[About this task]: Go through the data below and transcribe it exactly. Omit the images.

BEGIN Exercise input

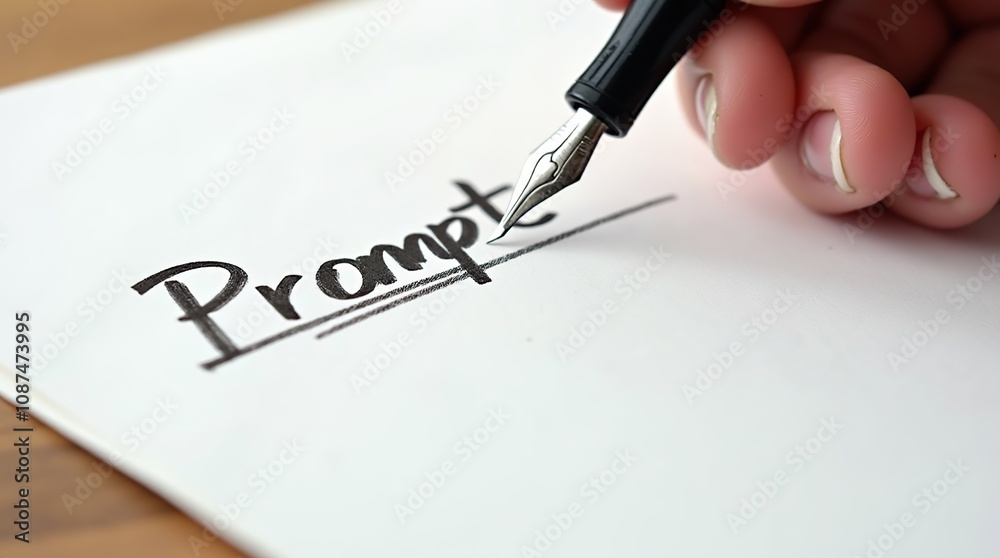 Fototapeta premium Hand Holding Fountain Pen Writing 'Prompt' on Paper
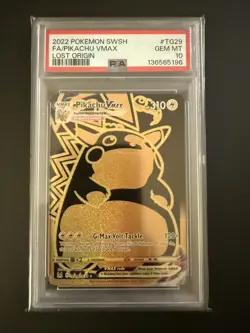2022 Pokemon SWSH Lost Origin #TG29 FA Pikachu VMAX PSA 10 GEM MINT - Image 1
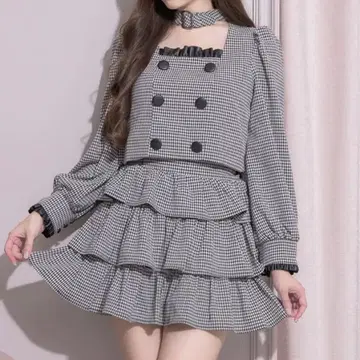 pium 셋업 초커 벨트 프릴 탑 & 프릴 미니 스커트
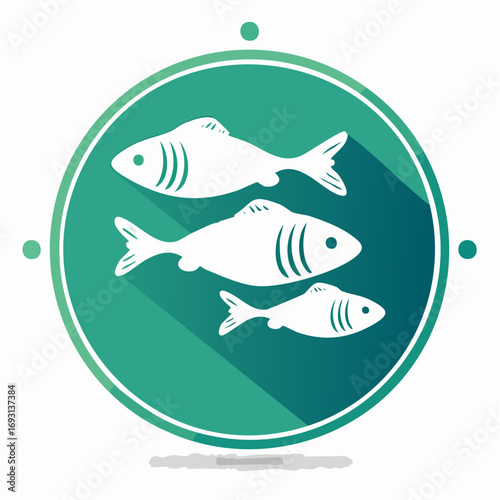 Amazon Biodiversity Vector Icon with Fish Shapes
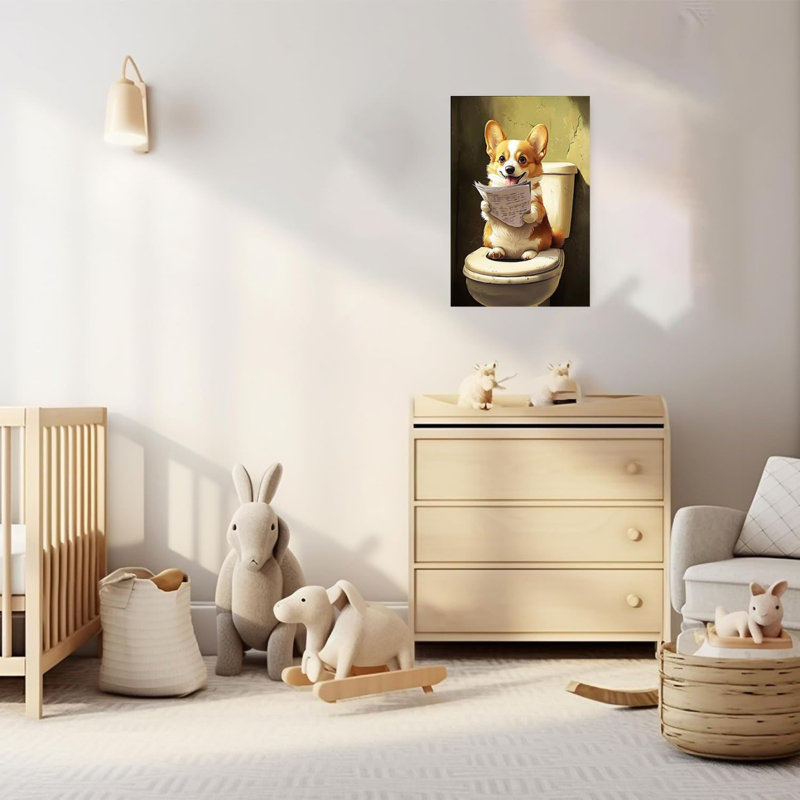 Mignon chien lisant sur toile sans cadre 12 po x 18 po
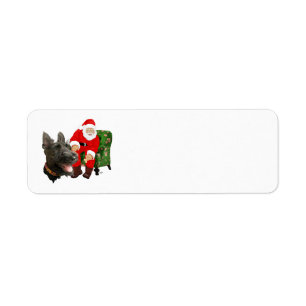Happy Scottish Terrier & Snowman Label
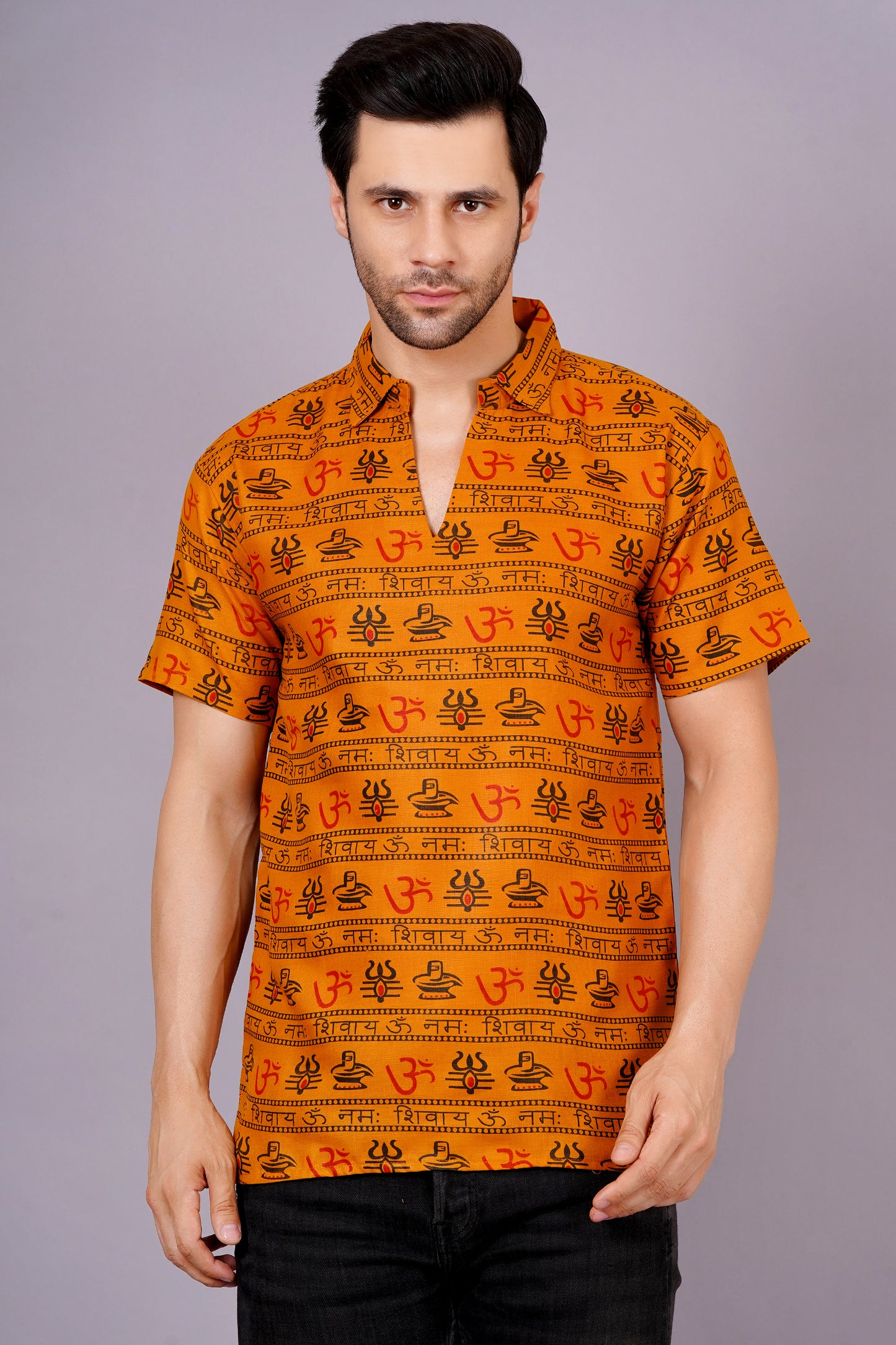 AXOLOTL Premium OmMantra Religious Print Cotton Blend Men Short Kurta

END Exercise input

[Exercise output]:
 Fototapeta premium Hand Holding Fountain Pen Writing 'Prompt' on Paper
2022 Pokemon SWSH Lost Origin #TG29 FA Pikachu VMAX PSA 10 GEM MINT - Image 1
 pium 셋업 초커 벨트 프릴 탑 & 프릴 미니 스커트
 Amazon Biodiversity Vector Icon with Fish Shapes
 Mignon chien lisant sur toile sans cadre 12 po x 18 po
Happy Scottish Terrier & Snowman Label
 AXOLOTL Premium OmMantra Religious Print Cotton Blend Men Short Kurta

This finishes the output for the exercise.